The Endless Garment: a pocket epic in five collections by Marguerite Pigeon (Wolsak & Wynn, 2021)

In the past decade, TV series such as Selfridges and Bridgerton, documentaries on Coco Chanel or game shows like Next in Fashion have indubitably brought the challenges, cruelties and chi-chi of the fashion industry, whether in the 19 century or now, to greater public consciousness. The vast waste of materials, the early brutality of its use of child workers (which persists today in the Third World), the constant cycling of what’s in and out and, then too, the beauty of a realized catwalk haute couture vision, is all part of this brocaded, disposable universe. Poets don’t often acknowledge fashion or sports or finances it seems so Marguerite Pigeon’s The Endless Garment (slashed into five sections: Pre-Season, Fall/Winter, Resort, Spring/Summer and Diffusion) is a refreshingly strange foray into a realm too infrequently glimpsed within our genre.

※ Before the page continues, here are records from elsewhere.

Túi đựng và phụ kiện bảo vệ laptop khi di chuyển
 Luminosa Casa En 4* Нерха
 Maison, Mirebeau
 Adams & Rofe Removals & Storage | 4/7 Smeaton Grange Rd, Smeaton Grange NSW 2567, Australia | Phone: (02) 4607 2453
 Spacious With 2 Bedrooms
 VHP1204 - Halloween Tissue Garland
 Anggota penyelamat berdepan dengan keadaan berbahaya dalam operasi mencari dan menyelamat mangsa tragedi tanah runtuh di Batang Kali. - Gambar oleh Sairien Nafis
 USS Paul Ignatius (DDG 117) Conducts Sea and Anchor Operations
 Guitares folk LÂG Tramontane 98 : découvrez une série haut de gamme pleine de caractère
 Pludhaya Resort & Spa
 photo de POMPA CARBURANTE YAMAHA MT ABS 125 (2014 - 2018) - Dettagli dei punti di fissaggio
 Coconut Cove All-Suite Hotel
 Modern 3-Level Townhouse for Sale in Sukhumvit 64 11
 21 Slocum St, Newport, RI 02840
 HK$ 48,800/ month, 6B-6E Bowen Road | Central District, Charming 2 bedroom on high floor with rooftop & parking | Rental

In the first untitled poem (well, they are all untitled), Pigeon writes that seamstresses are “poets/with pins” and it is the piece’s (we lyricists are masters of piecework too!) lingual textures that render it memorable, words such as decorticated, bast, Bactrian, tapa.

Feeling more than a bit like the Ouija chanelling effected by James Merrill in his three-book work The Changing Light at Sandover, this collection contains many spectres, Chanel, yes, along with Gypsy Rose Lee and more emotively, the poet Elizabeth Barrett Browning, who like the Ghost of Xmas Past shows us the tortuous invisibilized existences of nubile employees in garment factories, her perspectives fueled by her Aurora Leigh, a proto-feminist epic that features a “‘low-born’/ heroine, piecework seamstress whose/needle threaded survival.” All the poems are cut from one intense cloth, that eternal bolt of lightning inspiration, material segments whose strongest fragments are the ones listing & repeating as in, “Dolly Parton: whose dimple. Whose by dint of./Whose patina. Whose many-coloured throat,” those that fuse theory & reality as in when Barthes is quoted stating that the model, “is stemware/empty of all particular taste” and then, on the opposing page, the assertion, “We are all models,” those elaborating mannequins, revealing that “silk moths were domesticated/into flightlessness,” the poem that creates directives on the imperative of hair or “your renewal, your shelter,/your statement, your reveal,/your signature, your capital” and the panopticon longing of a culture determined to shop obsessively for everything, to “try on as much as possible.”

The glamour is present but more so the suffering. And most especially, at the end, for the Earth, forced to withstand “truckloads” of cast-offs, the thrift stores stuffed with “gunky sweaters.” “So have you seen?” asks Elizabeth, like the Virgil of the world to us all.